# A modern hello.



## LemonLime (Jul 22, 2007)

Good (insert correct time here),

As you can guess I am new to this site.

A little about me:

I have been writing for about a year now. My passion for writing blossomed when I won an essay contest a few months ago. I do some write some poetry but mostly short stories and I am even *crosses fingers* working on a novel.

I am always open to advice and knowledge from others.

Thank you!


----------



## Shinn (Jul 22, 2007)

Hello there and welcome to the forum, LemonLime! 
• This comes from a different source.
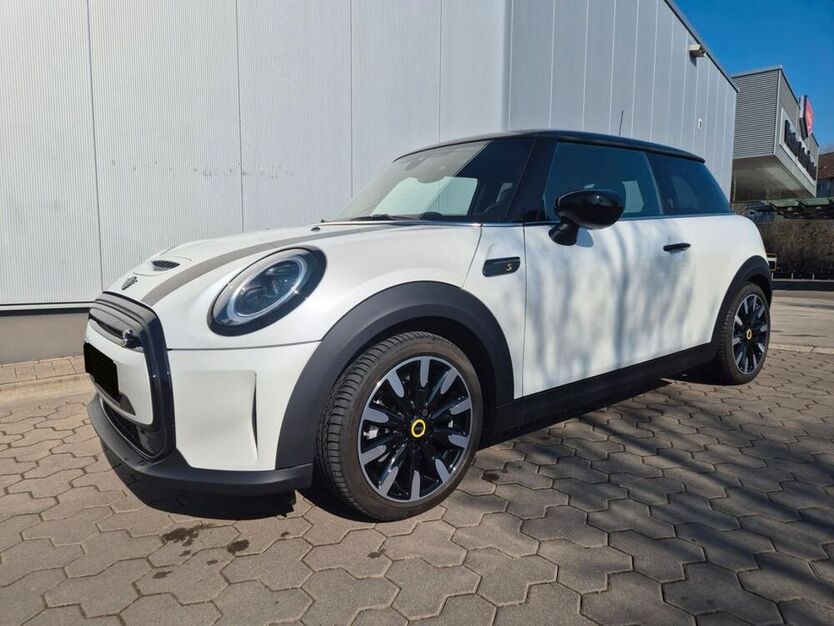 Cooper SE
I hope to be reading some of your work soon.


----------



## LemonLime (Jul 22, 2007)

Thank you very much! It is grand to meet you.


----------



## Shinn (Jul 22, 2007)

It's a pleasure to meet another new writer on the forums, LemonLime. I hope you'll enjoy being on the forums.


----------



## Triquediqual (Jul 22, 2007)

Welcome to the forums.


----------



## LemonLime (Jul 22, 2007)

Thank you again. I am glad to be here. I will try to learn as much as possible. I am like a sponge in a way. Comforting.


----------



## Baron (Jul 22, 2007)

Greetings and welcome


----------



## LemonLime (Jul 22, 2007)

Thank you Baron. Grand to meet you.


----------



## Nickie (Jul 22, 2007)

Welcome to the forum!


Nickie


----------



## LemonLime (Jul 22, 2007)

Thank you! Nice to meet you.


----------